Would anyone be able to help me with what I would call an "elevator pitch".

I would be happy to contribute but am trying to get my head around another project or two at present. I will try to keep this in mind.

 

[ChronicallyOverIt]

I would be happy to contribute but am trying to get my head around another project or two at present. I will try to keep this in mind.

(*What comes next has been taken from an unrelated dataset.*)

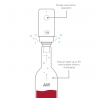 Vacu Vin Elektryczny system próżniowego zamykania wina USB-C - 2 korki - Vacu Vin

I don’t think right now this is super time sensitive, so focus on those, I’m working on making connections. I can reach out again if it does become time sensitive. It’s more in the case I make the right connection I want to be able to clearly summarize why this is valuable. Just trying to get my ducks in a row.

 

[Utsikt]

From a layman so take it for what it’s worth:

The buspirone challenge reliably distinguishes ME/CFS patients through abnormal prolactin spikes, but past research overlooked that this response is likely driven by buspirone’s occupancy of Dopamine D2 receptors rather than just serotonin.

Are the findings robust enough to say «reliably»?

Future diagnostics must pivot to measuring upstream D2 receptor dysfunction and the resulting dopamine-prolactin feedback loops that may drive systemic immune crashes.

What are «future diagnostics»?

Why «must» they do it? Would it be better to say that it’s promising or that more research is warranted?

What are «systemic immune crashes»?

This specific neuroendocrine pathway provides a highly actionable target for the DecodeME study: by cross-referencing this dopamine-prolactin hypothesis with DecodeME's massive GWAS dataset, researchers can hunt for specific genetic variants (SNPs) linked to D2 receptor function or neuroendocrine signaling, bridging the gap between a proven physiological anomaly and its root genetic causes to accelerate the discovery of targeted biomarkers and treatments.

Maybe add «and upcoming WGS (SequenceME)» after the mention of DecodeME?

Is it «proven»?

For once I think «biomarker» might be warranted, but perhaps «accelerate the discovery of actionable pathological abnormalities, ultimately leading to much needed treatments» is better?

If you’re planning on cold approaches to outsiders to ME/CFS, you might also need a short intro like:
ME/CFS is a highly disabling and often lifelong syndrome affecting about one in every two hundred people. There are no available treatments and no reliable understanding of the pathology.